With the understanding that our students’ educations are not complete by the time they graduate at the end of eighth grade, the Pasadena Waldorf School strives for our students to:

experience a rich, broad-based, deep course of studies, cohesively conceived, progressing purposefully from year to year, imparting significance, relevance, and meaning regarding humankind, the earth, and cosmos, in the past, in the present, and in anticipation of the future. By definition this includes a broad spectrum of history, literature, science, foreign language, arts, practical skills, and physical education.
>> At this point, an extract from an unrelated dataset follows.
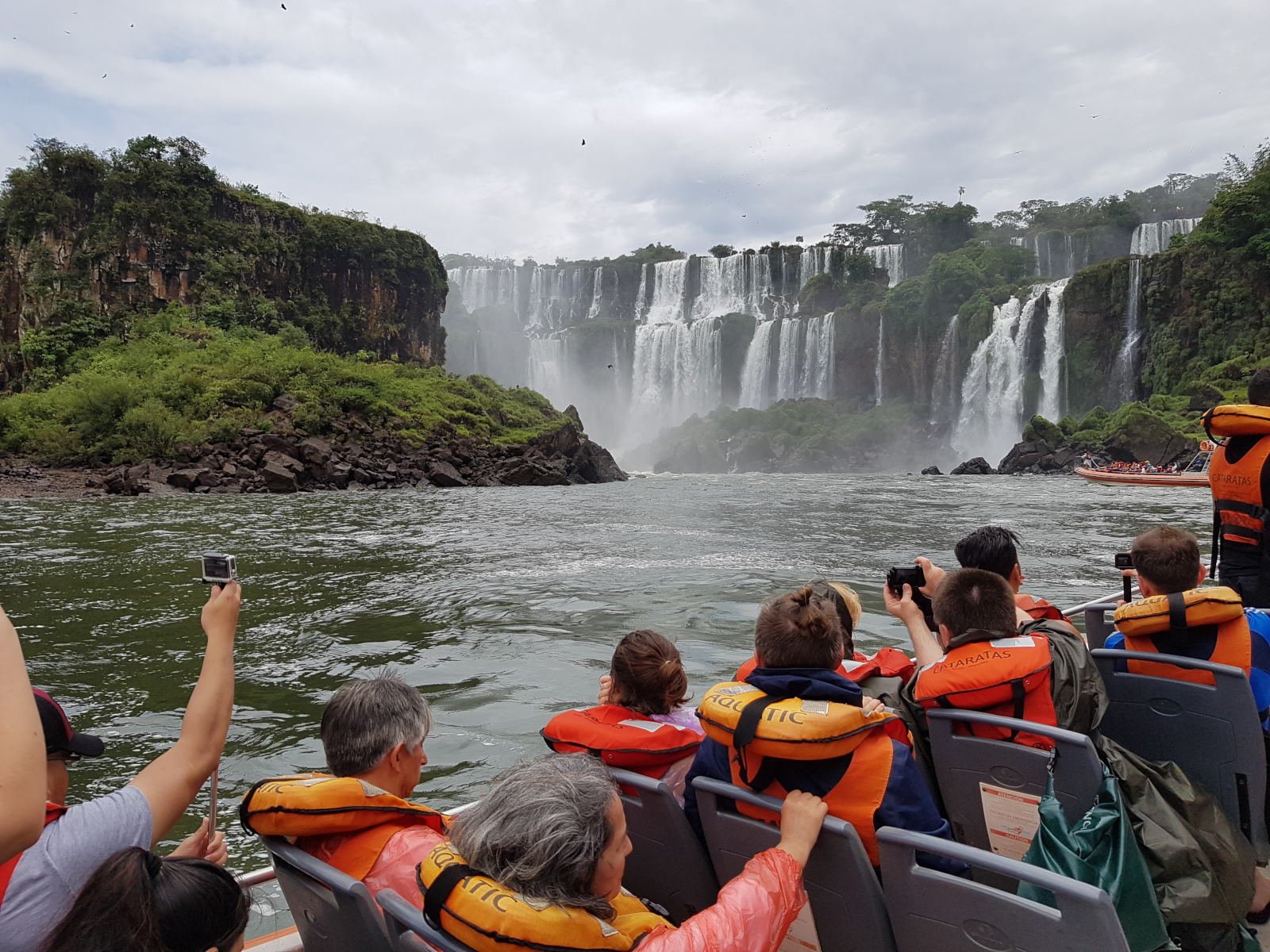 Iguazú Falls Full-Day Tour with Great Adventure Boat Ride from Foz do Iguaçu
feel recognized as individuals, valued for their quality of character and not only their caliber of scholarship;

feel confident in themselves as learners, accepting of both their strengths and limitations, working to the best of their own abilities;

understand what it means to strive; to experience a sense of satisfaction in a job well done;

develop sound habits for living, and by this continual practice, to strengthen their will. This includes classroom habits, work habits, rhythmic marking of seasonal festivals, completing all tasks they start, returning equipment they use, and cleaning up after themselves.

experience reverence, appreciation, and gratitude to other people and to a beneficent transcendent power, whatever they conceive that to be;

conduct themselves with respect, cooperation, and courtesy towards self, others, and property;

acquire positive attitudes of acceptance of difference of cultures, preferences, abilities, ideas, social status, race, gender, etc.;

immerse themselves in experiences of nature without taking the trappings of urban life with them;

value and practice compassion, honesty, courage, and trust, but also joy and humor;

develop from imagination a foundation for flexible, sensitive, clear and creative thinking, open to the ideas of others, and steeped in interest and a sense of inquiry;

feel empowered to act, guided not by convention or peer pressure, but by their own convictions of right and wrong; to feel persuaded that individual human beings can make a difference;

learn how to function within a group and take personal responsibility for its social well-being;

practice service towards others and the natural world; and

leave PWS valuing, at some point, what they have received, confident about their next educational experience, and knowing they were loved and will always be welcome here.